Exercise description: Nothing in the data should change when you return it, but leave the pictures out.

(Image-caption web data)

╭──

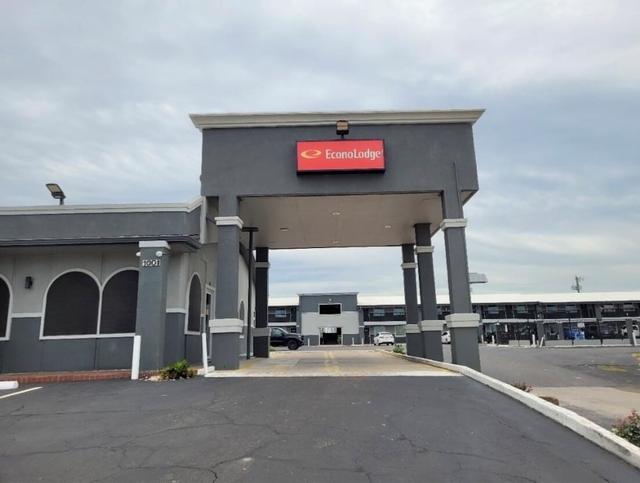 إيكونو لودج تمبل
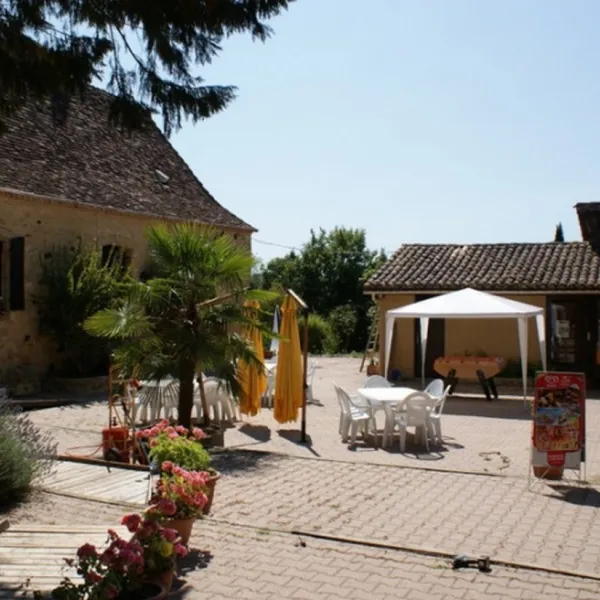 camping-la-grande-veyiere-molires-fiakx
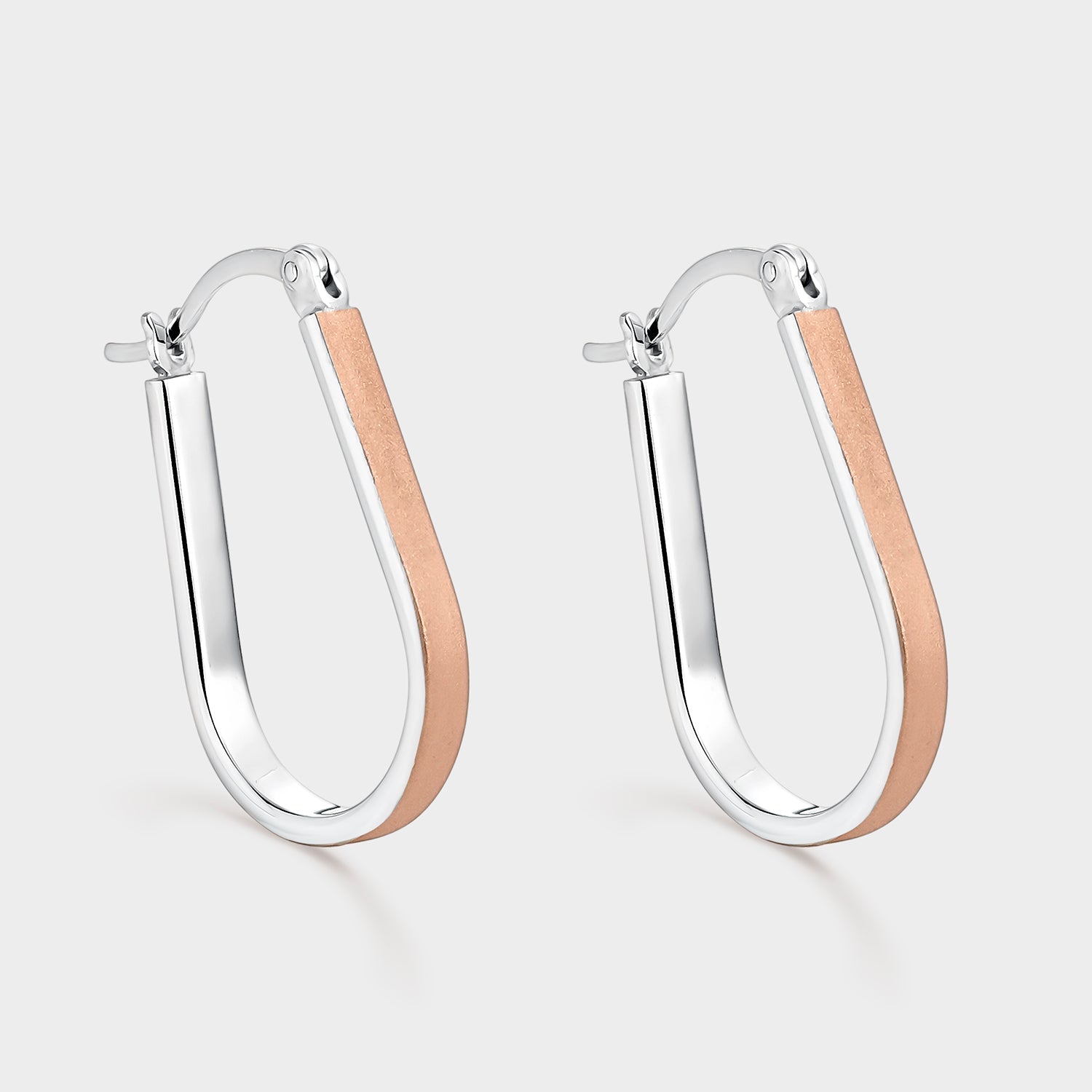 Pendientes aros alargados bicolor en oro rosa, con textura mate y diseño elegante, perfectos para cualquier ocasión.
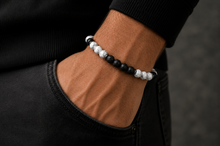 Charger l'image dans la galerie, Bracelet en Howlite et Pierre de Lave
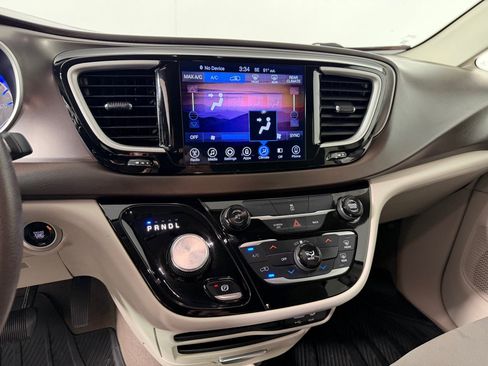Used 2017 Chrysler Pacifica Touring w/ Tire & Wheel Group FWD image 16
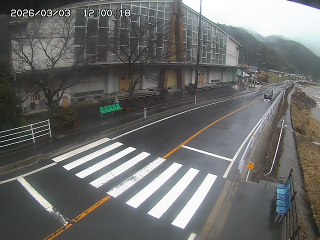 佐治町古市【旧佐治中学校前】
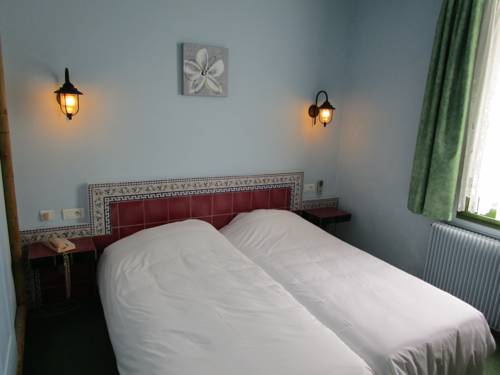 Imagen de la habitación del H&ocirc;tel-restaurant chez Carri&egrave;re. Foto 12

╰──

Answer area:
 إيكونو لودج تمبل
 camping-la-grande-veyiere-molires-fiakx
 Pendientes aros alargados bicolor en oro rosa, con textura mate y diseño elegante, perfectos para cualquier ocasión.
 Charger l'image dans la galerie, Bracelet en Howlite et Pierre de Lave
Used 2017 Chrysler Pacifica Touring w/ Tire & Wheel Group FWD image 16
 佐治町古市【旧佐治中学校前】
 Imagen de la habitación del H&ocirc;tel-restaurant chez Carri&egrave;re. Foto 12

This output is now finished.